The phone ban will mean first-year drivers caught texting or talking on mobile phones more than once will automatically lose their license. The only way P platers will be able to call friends and family will be when they are pulled over to the side of the road with the vehicle stopped and the engine off. The sad thing is, you actually have to turn the engine off, cause a possible road hazard in order to answer an important call, even if you have a bluetooth car kit.

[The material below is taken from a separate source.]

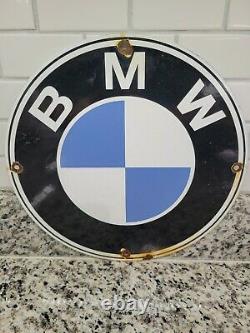 Vintage Bmw Porcelain Sign Car Sales Service Dept Gas Station Oil Dealer German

What I really want to know though, is how are the police going to monitor inbuilt and wired in bluetooth mobile phone systems? All new high end vehicles come with built in mobile phone integration technology. Are the police going to simply start pulling over any young driver who is talking in their vehicle? What about Australian idol wannabes singing in their cars? What about those of us who talk to ourselves?
The NSW government, like other governments has gone crazy with the P-plater restrictions, this is mainly due to the rising death toll of P platers with a near 30% increase in 2006 (94). So since the high powered car restrictions have no worked, they are trying to come up with more intuitive ways of stopping P platers accidents. Unfortunately, again, this isn't one of them!
The Government argues that banning the use of mobile phones completely was based on a concern there were are too many distractions in the car. I dont know about you, but I always find that trying to change the song on an iPod connected to a car stereo far more destracting than talking on a bluetooth handsfree headset to my friends?
"There is a dramatically increased risk of accident when a young driver uses a mobile phone while driving," NSW Government.
Although there is some good news. Yesterday I wrote about the Zero Point P Plater restrictions and discussed the illogical form of driving these restrictions would bring to all new drivers and thankfully the NSW road minister (Mr Roozendaal) seems to agree, a little.
"There are difficulties with that because people need to realise that now P-platers have their licence for three years, young kids need to take some responsibility for their own actions and indeed their families need to be reinforcing to them the dangers of acting in a silly or reckless way."he said.
Former NRMA director Richard Talbot (Now president of the Motor Action Group) agreed that the proposed zero tolerance laws will be unfair on young drivers.
"We believe it could be very unfair on both the P-platers and their families." he said
Another day in NSW, another new law to stop P platers from killing themselves. I am sure in 12 months time i will be here writing about the failure of these laws and about the introduction of some even stricter laws! Perhaps in 2008 the NSW government will introduce a 50km maximum speed limit for P platers? Or maybe all P platers should always be accompanied by a open license holder for the first year?